▶ Task instructions
From the listing below, reproduce exactly the lines starting with the one with "Metallic floral necklace 🌺" and going on through the one with "Stickdatei - Postkarte", both ends kept. No picture is copied.

▶ Records shown
* * * * *

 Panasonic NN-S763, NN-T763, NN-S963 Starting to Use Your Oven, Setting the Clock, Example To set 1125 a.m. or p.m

* * * * *

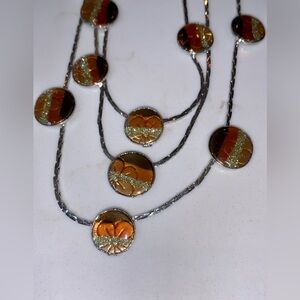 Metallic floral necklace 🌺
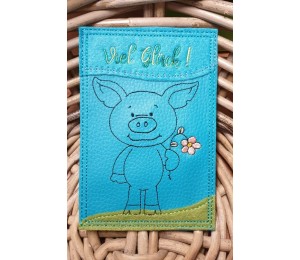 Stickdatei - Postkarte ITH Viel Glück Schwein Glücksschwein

* * * * *

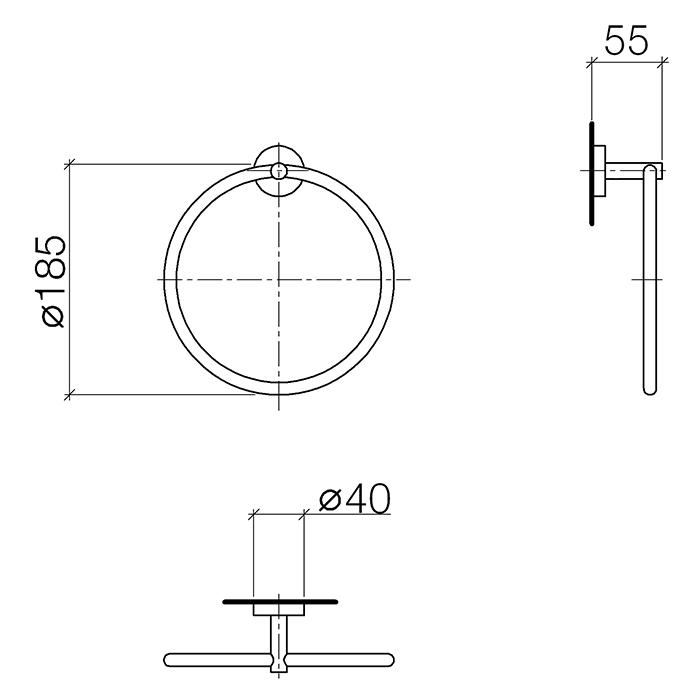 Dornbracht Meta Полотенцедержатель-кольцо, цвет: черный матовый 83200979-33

* * * * *

▶ Answer box
 Metallic floral necklace 🌺
 Stickdatei - Postkarte ITH Viel Glück Schwein Glücksschwein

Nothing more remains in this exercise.